Spanish mackerel in Florida waters are thicker than tourists on the beaches these days, and the once-seasonal species has become pretty much a year-around target for anglers who enjoy the javelin-shaped speedsters. Thanks to years of careful management throughout the southeastern coastal waters, macks are one of the few species where the bag limit has been increased rather than decreased. That limit now stands at 15 per day in Florida, making the species one of the few good targets for supplying a neighborhood fish dinner.
Like their larger cousins the king mackerel, Spanish are what is known as “coastal pelagics” among biologists. That is, they are migratory and remain in open water for the most part, but are more likely to be found within sight of land in most areas. The migrations follow baitfish schools north in summer, and south in winter.
There are at least two strains of Spanish mackerel, which biologists define by their migration pattern.
Gulf-group Spanish, as designated by federal and state fishery managers, spend their summers in the northern Gulf of Mexico between the Florida Panhandle and Texas. Around early October as water temperature drops below 68 degrees, most of the eastern Gulf group heads east and south, passing Cedar Key by the 15th to the 20th, and into the Tampa Bay area by the first of November. The western gulf group migrates west and south along the Texas coast and into Mexican waters.
Most of the migration has found its way to the Florida Keys and up the Atlantic Coast as far as Palm Beach in the warm waters of the Gulf Stream by the first of January, where they remain until early March.
Warming water keys a baitfish migration, and the macks go with them. By mid-March, lots of fish are again passing through the waters off Tampa Bay, and the main push winds up back in the northern gulf by mid-April.
Atlantic-group Spanish have a similar seasonal movement, summering as far north as Cape Cod, Massachusetts, starting south in late September after spawning, starting to arrive in South Florida about mid-October in most years. The majority mass just offshore from Cape Canaveral to Palm Beach Inlet for the winter.

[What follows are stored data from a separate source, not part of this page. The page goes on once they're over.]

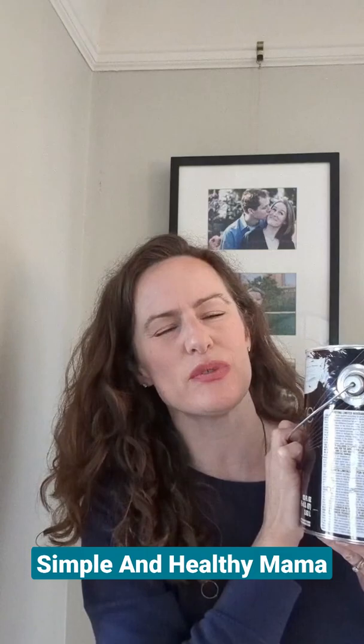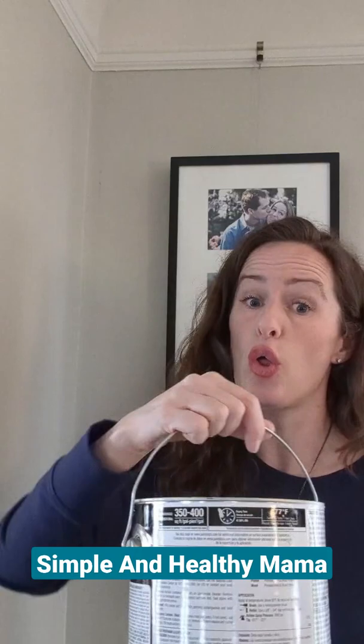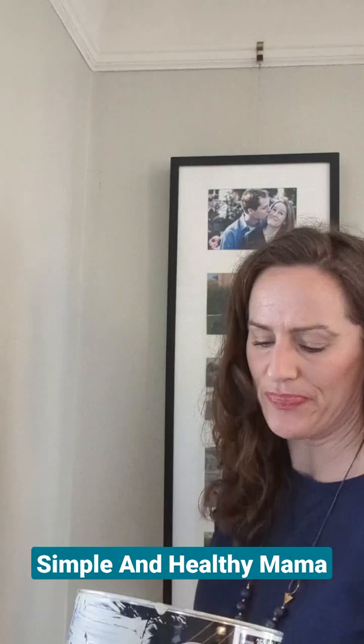If you don't already know, the easiest way to touch up paint on your walls is to grab the can that you have, hopefully well labeled. You should always, always stir it with a paint stir stick or just swirl it around. And then you see here, I've got a smudge on my wall right near the top — how does that even happen? If you have kids, you know. You're going to use your finger and just tap.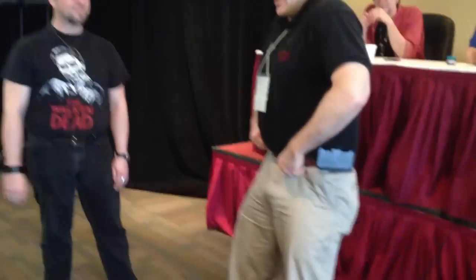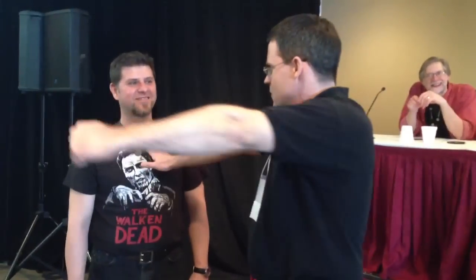Does anyone know who John Wayne is? Hang on a second, I've got to do my very bad John Wayne impression. John Wayne invented a punch called the Duke. You go like this, and you go like this, and it's a big wide swinging punch.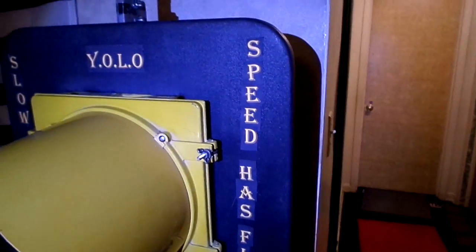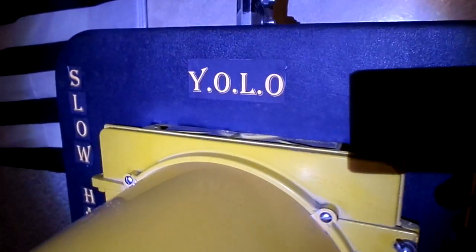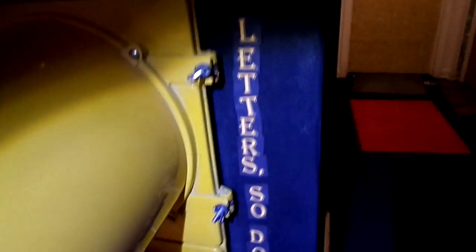I said, let me see if I can put this black plate back to good use. So after a couple hours of printing and cutting out letters: you only live once. Slow has four letters — so does life. Yellow signal. And speed has five letters — so does death.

The two groups intermingle off South Florida, but separate out into their respective clans as warm weather approaches for the spring migrations.
While this pattern is still generally true, there’s evidence that the warmer average temperatures seen over the last 15 years or so appear to be delaying the southward movement of the main schools of fish. Whether you believe in “man-made global warming” or not, there’s no question that sea water has been warmer longer in recent years, despite the occasional devastating cold blast like the one in 2010 that killed tens of thousands of snook and other sensitive species in Florida.

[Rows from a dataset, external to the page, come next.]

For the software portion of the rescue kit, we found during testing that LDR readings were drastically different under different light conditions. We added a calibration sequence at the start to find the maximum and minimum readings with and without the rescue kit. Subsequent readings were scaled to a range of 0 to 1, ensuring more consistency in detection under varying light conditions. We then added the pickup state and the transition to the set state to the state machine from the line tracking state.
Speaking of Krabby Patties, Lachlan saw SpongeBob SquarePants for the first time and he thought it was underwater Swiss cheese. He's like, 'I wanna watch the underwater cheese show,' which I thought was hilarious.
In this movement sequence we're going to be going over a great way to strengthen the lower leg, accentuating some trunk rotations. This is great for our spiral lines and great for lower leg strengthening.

These days, it’s not uncommon for lots of macks to remain off the Tampa and St. Petersburg Beach area throughout the winter, and anglers as far north as Jacksonville are enjoying good winter mackerel fishing when the cold fronts stay away.

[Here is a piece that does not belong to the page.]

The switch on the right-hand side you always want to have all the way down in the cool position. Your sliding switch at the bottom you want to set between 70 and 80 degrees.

Not only that, but mackerel have increased in size as well as number. Twenty years ago, a 5-pound Spanish was a rarity. Today tons of fish reach that size and larger. It takes a 7-pounder to turn any heads, and a 7-pound Spanish is every bit a match for a king mackerel of similar size. Spanish hit like a freight train and make long, reel-smoking runs at incredible speeds.
Biologists say mackerel reach spawning age at 1 year and about 14 inches long. Then the fish put on around a pound a year, maxing out at around 10 pounds at 10 years old. The life span for females is around 11 years. Males live about 6 years and reach a maximum of 6 pounds. The current International Game Fish Association all-tackle record is 13 pounds.
There are so many Spanish on the Atlantic Coast between Fort Pierce and Palm Beach that commercial cast-netters are able to catch them by the tons. They spot the massed schools on their depthfinders and toss heavily weighted nets over them.
Fortunately, this labor-intensive harvest method seems not to hurt the populations in the way that the big roller nets of the past did. Excessive commercial harvest by roller-rig nets, coupled with hundred-fish-a-day catches by recreational anglers were the primary reasons both Spanish and kings were in trouble in the 1970s. Spanish took about 25 years to recover. Kings have not recovered yet to anywhere near former abundance, though numbers are far better than they were.
Another interesting part of the Spanish recovery is how the fish tend to spread out when there’s a flourishing population. It’s not uncommon these days for Spanish to show up far up inside major coastal estuaries like Tampa Bay and Charlotte Harbor. In the past they were found mostly along the beaches.
The fish now hang around almost all winter long in passes from Holmes Beach south to Naples feeding on “glass minnows.” Those are the tiny bay anchovies- that often form big schools on the near-shore artificial reefs and wrecks, around the Sunshine Skyway Bridge, and on nearly every channel marker on any major shipping lane into a west coast port.
On the Atlantic Coast, anywhere from Canaveral Inlet south is loaded all winter. Sebastian, Fort Pierce, St. Lucie, Jupiter and West Palm inlets are particularly rich fishing areas, with macks both around the jetties and within a 1/2 mile of the beaches between. To find the fish just look for the fleet of mixed cast-netters and recreational boaters and join in. It’s an automatic limit of fish.